From the first line to the last, give the material again exactly, without the images.

*INFORMATION PROVIDED*:
-.-.-
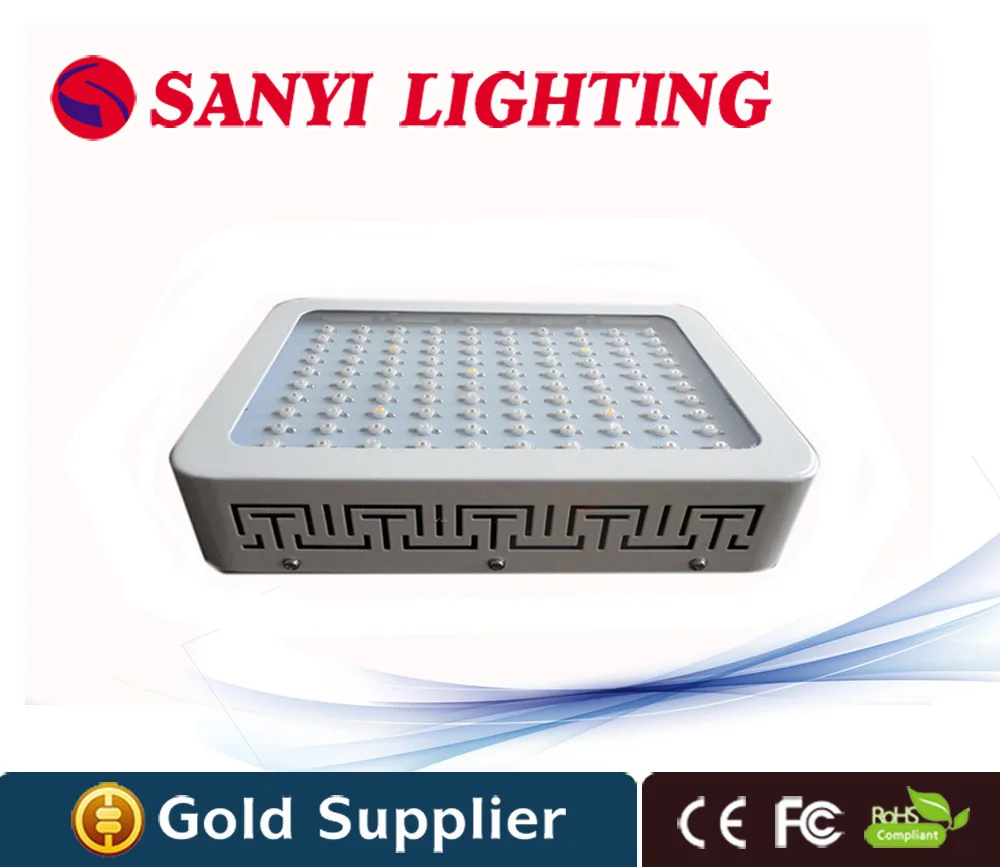 100W Led Grow Light Lamp horticulture lighting for Medicinal plant growth and flowering red blue=8:1 dropshipping
100W Led Grow Light Lamp horticulture lighting for Medicinal plant growth and flowering red blue=8:1 dropshipping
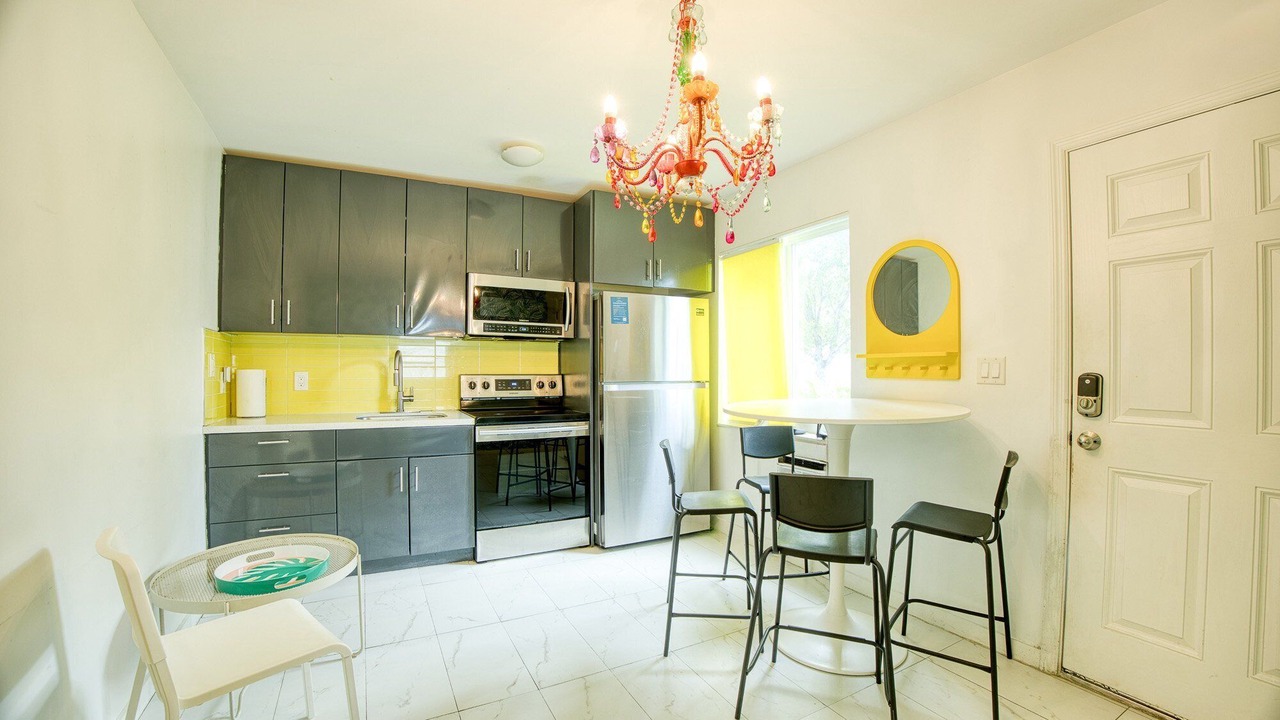 Photo of Kitchen in Highland Garden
-.-.-
*TASK ANSWER*:
 100W Led Grow Light Lamp horticulture lighting for Medicinal plant growth and flowering red blue=8:1 dropshipping
100W Led Grow Light Lamp horticulture lighting for Medicinal plant growth and flowering red blue=8:1 dropshipping
 Photo of Kitchen in Highland Garden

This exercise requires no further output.